START DATA

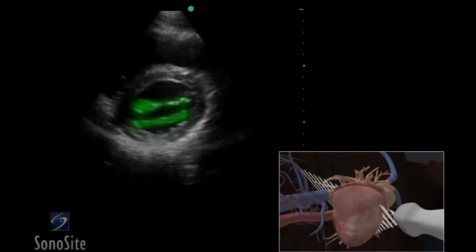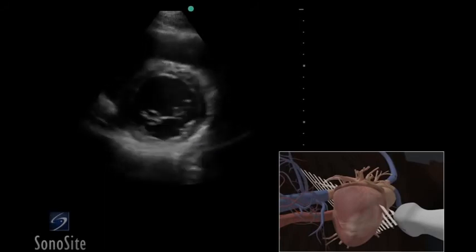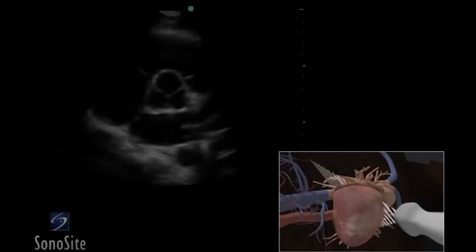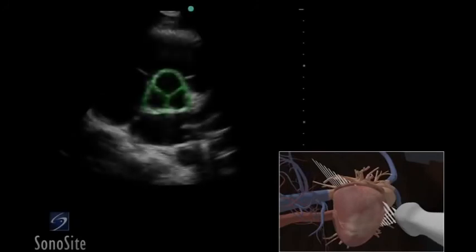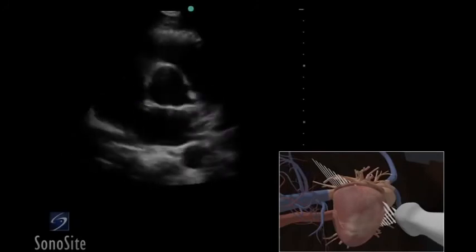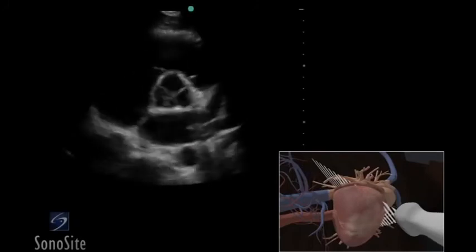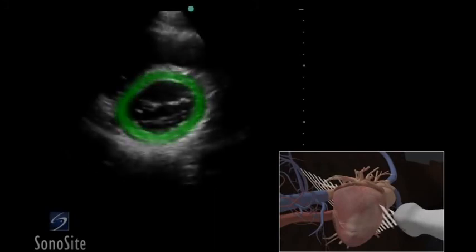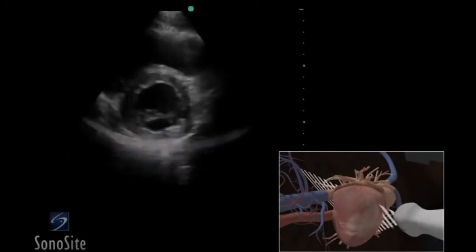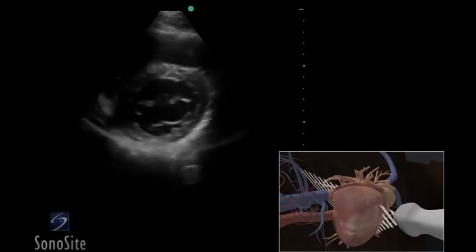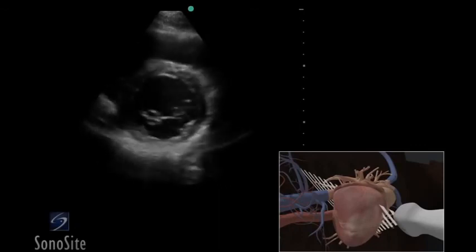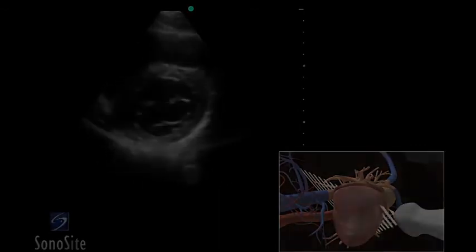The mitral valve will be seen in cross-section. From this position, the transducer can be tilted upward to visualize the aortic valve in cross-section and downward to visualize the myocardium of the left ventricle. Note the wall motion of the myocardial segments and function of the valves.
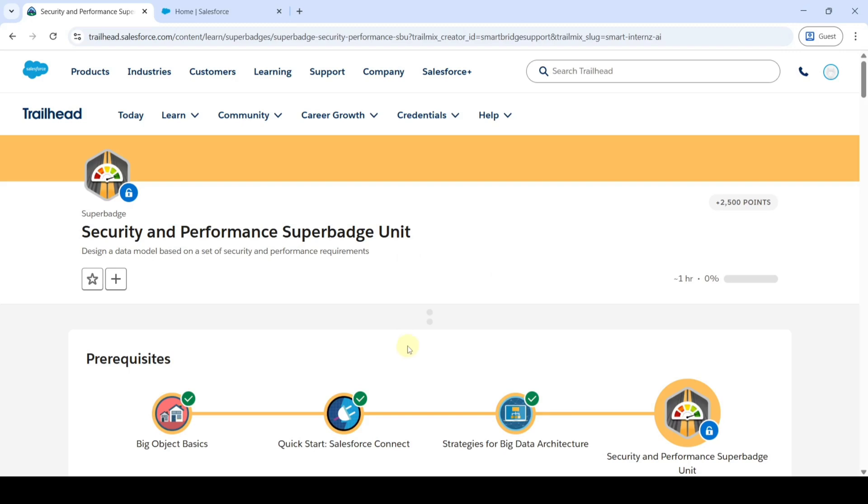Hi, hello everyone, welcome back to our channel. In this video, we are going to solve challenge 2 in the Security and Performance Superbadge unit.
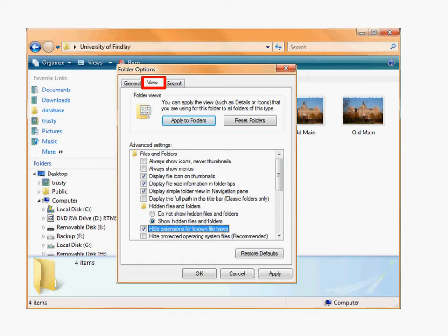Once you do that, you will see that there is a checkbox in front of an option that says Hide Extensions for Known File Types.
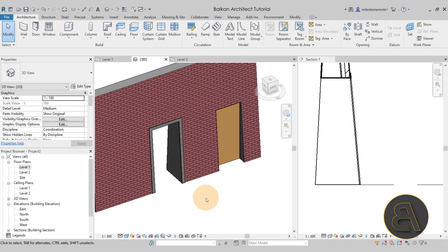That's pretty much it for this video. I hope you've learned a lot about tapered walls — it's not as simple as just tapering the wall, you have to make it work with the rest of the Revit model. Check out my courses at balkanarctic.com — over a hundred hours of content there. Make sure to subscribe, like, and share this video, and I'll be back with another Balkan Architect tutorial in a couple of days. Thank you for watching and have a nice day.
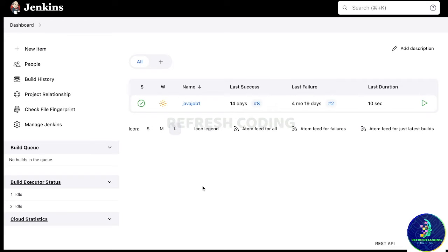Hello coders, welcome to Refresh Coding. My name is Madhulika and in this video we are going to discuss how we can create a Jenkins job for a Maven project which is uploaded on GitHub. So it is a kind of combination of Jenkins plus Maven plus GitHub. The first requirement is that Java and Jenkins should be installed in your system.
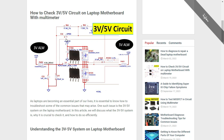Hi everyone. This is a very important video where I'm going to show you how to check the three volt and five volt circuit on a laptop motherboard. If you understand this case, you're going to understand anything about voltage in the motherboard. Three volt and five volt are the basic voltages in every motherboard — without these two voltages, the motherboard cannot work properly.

END DATA

TASK GOAL: Beginning with the line containing "Hello coders, welcome" and ending with the last line of the data above, repeat each line exactly. Include no pictures and no other lines.

RESPONSE:
Hello coders, welcome to Refresh Coding. My name is Madhulika and in this video we are going to discuss how we can create a Jenkins job for a Maven project which is uploaded on GitHub. So it is a kind of combination of Jenkins plus Maven plus GitHub. The first requirement is that Java and Jenkins should be installed in your system.
Hi everyone. This is a very important video where I'm going to show you how to check the three volt and five volt circuit on a laptop motherboard. If you understand this case, you're going to understand anything about voltage in the motherboard. Three volt and five volt are the basic voltages in every motherboard — without these two voltages, the motherboard cannot work properly.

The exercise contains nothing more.